Aynaya bakıp, başka bir bedene sahip olmak istediğiniz oldu mu? Daha ince bel, daha geniş omuzlar, daha ince bacaklar, daha kalın kollar vb. Mankenler, oyuncular, sporcular veya bloggerlar gibi medyada karşımıza çıkan ve imrenerek baktığımız vücutlardan bahsediyorum. Bu şekilde etkilenmemizin sebebi maalesef medyanın bize dayattığı "ideal vücut" algısı.

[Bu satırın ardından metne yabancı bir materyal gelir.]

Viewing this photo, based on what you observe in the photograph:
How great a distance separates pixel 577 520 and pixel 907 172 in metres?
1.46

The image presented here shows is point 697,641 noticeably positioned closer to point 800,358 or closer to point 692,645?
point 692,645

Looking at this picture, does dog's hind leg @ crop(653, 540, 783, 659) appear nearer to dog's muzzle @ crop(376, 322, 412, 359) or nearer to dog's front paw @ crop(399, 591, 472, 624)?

Sözde ideal vücutlara sahip olmadığımız için (ki böyle bir vücut yoktur), beden algımız negatif yöne doğru kayar. Sonucunda özsaygı, özgüven, sosyallik, girişkenlik azalır. Gerçeklikten çok uzak vücut ölçülerine ulaşmak için öğün atlamalar, çok düşük kalorili diyetler, ağır sporlar, ihtiyacımız olmayan besin takviyeleri ve sonunda da anoreksiya nervoza, blumia nervoza, binge eating gibi yeme davranış bozuklukları ortaya çıkar.

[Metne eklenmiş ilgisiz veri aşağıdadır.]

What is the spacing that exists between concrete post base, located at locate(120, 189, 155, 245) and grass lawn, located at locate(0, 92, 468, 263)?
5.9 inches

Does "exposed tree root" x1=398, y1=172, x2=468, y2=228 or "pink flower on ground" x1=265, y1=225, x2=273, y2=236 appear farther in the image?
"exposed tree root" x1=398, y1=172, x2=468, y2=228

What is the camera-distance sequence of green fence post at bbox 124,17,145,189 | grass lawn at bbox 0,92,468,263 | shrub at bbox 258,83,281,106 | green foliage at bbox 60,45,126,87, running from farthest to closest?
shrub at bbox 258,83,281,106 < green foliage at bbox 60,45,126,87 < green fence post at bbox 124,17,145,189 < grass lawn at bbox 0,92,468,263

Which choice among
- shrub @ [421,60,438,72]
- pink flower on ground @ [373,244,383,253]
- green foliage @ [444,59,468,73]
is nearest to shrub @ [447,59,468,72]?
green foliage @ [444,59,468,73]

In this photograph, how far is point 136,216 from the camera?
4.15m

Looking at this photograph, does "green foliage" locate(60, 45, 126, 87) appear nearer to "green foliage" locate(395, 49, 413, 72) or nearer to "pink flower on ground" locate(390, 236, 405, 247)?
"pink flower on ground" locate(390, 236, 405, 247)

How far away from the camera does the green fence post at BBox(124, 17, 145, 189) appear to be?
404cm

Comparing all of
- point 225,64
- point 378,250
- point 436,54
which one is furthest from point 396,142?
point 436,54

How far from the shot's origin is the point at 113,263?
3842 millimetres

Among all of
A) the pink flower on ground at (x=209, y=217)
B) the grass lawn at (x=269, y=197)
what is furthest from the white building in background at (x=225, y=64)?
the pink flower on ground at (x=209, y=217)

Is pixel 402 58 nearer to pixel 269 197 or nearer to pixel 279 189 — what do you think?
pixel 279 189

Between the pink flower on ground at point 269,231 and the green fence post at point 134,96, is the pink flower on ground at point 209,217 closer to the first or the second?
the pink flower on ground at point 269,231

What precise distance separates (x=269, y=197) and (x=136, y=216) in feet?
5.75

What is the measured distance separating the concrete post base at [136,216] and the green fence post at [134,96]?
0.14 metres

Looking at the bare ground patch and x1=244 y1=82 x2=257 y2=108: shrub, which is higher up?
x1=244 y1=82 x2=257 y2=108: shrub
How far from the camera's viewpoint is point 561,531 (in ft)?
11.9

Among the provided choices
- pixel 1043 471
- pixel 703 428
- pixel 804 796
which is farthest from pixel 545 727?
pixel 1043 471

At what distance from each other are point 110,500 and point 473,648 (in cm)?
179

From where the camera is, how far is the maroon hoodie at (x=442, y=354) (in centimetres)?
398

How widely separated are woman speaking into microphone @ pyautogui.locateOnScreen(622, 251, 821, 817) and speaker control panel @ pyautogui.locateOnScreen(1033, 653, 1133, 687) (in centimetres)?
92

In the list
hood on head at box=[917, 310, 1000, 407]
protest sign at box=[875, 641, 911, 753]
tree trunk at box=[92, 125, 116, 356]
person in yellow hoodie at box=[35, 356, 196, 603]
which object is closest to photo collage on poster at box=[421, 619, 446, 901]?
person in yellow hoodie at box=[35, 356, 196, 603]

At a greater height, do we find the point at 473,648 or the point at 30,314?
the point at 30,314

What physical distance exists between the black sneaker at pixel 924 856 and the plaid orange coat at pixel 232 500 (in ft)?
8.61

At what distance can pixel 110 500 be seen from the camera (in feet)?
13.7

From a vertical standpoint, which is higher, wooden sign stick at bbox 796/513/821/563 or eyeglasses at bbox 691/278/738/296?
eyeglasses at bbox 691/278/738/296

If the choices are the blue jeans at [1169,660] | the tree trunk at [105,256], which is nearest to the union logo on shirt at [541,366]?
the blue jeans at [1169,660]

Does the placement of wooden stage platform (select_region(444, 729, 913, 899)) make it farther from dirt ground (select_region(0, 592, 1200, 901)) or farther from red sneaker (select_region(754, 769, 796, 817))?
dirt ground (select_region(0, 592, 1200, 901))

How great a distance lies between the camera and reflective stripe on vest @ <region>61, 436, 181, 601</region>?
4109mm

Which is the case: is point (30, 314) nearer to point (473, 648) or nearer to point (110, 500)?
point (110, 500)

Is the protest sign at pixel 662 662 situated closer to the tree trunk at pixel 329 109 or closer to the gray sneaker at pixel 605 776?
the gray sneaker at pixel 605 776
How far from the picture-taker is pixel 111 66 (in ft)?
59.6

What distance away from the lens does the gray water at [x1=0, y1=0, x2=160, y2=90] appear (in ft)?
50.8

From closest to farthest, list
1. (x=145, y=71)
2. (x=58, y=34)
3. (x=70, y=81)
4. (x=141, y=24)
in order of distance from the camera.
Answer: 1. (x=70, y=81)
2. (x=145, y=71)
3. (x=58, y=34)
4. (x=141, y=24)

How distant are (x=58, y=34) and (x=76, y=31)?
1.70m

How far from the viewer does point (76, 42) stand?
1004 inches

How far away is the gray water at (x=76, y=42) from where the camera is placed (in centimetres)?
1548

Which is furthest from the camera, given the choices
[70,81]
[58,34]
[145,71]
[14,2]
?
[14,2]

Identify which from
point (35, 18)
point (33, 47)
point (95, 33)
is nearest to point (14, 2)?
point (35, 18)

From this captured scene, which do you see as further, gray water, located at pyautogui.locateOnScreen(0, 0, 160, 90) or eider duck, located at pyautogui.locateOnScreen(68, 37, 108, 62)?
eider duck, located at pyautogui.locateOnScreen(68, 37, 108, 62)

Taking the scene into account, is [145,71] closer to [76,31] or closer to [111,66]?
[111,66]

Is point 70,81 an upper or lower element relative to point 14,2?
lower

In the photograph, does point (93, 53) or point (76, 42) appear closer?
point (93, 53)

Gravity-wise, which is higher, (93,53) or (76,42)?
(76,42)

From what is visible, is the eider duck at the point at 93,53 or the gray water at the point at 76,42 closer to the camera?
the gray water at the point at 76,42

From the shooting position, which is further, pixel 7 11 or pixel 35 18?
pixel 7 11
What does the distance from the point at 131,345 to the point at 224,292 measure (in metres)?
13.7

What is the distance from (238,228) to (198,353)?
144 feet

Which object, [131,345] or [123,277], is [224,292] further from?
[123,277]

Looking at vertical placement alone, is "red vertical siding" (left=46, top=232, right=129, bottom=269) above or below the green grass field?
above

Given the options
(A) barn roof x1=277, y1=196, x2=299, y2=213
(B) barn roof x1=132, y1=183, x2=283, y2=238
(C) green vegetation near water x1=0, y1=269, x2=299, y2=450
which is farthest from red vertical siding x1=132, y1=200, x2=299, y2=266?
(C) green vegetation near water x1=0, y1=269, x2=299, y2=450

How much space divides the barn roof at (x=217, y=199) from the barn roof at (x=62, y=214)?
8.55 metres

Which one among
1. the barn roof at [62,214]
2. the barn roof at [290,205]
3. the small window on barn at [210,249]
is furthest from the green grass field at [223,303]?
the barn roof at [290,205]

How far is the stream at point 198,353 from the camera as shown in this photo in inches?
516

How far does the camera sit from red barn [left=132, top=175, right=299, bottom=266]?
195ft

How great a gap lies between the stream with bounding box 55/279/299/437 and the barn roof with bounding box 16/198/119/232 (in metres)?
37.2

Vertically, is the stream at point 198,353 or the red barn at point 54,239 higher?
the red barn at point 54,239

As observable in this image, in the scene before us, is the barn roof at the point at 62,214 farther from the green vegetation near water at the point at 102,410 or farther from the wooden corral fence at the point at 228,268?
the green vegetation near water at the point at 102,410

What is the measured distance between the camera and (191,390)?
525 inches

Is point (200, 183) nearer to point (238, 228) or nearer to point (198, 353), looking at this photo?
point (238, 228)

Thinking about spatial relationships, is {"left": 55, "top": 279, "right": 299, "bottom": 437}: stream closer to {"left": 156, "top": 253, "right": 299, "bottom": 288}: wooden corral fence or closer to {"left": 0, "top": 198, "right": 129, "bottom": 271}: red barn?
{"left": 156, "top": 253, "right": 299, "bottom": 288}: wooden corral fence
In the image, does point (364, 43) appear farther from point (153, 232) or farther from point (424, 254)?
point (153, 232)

Bedenimizle sağlıklı bir ilişki kurduğumuzda aslında besinler ile de barışırız. Yiyecekleri yalnızca tartıdaki hedefe ulaştıran bir aracı olarak değil, "vücut" dediğimiz dev makineyi doğru şekilde çalıştıran sağlık kaynağı olarak görmeye başlarız. Meyveler, sebzeler, tam buğday ürünler, yağlı tohumlar, et, tavuk, balık, tofu, bakliyatlar, süt, yoğurt, peynir, yumurta gibi besinlerin hepsini tüketerek, vücudun ihtiyaç duyduğu enerji ve besin ögelerini karşılayabiliriz.
Beden algımızı pozitif olarak değiştirmek için yapabileceklerimiz:
Sosyal medyadan ziyade gerçek hayatta, sevdiğimiz insanlarla daha çok zaman geçirmek,
Bedenimiz ile ilgili aşamadığımız, kabullenemediğimiz şeyler varsa uzman desteği almak (diyetisyen, psikolog vb.),
Çevre/toplum baskısının sebep olduğu beden kalıplarını kabul etmemek,
Sağlığımızı önemsemek, beslenmede çeşitlilik sağlayıp mümkün olduğunca paketli/işlenmiş ürün tüketmemek,
Bedenimize saygı duymak, gerçek ihtiyaçlarını dinlemek ve gerekli yanıtları vermek (açlık & tokluk sinyali gibi),
Düzenli egzersiz yaparak mental ve fiziksel sağlığımıza yatırım yapmak.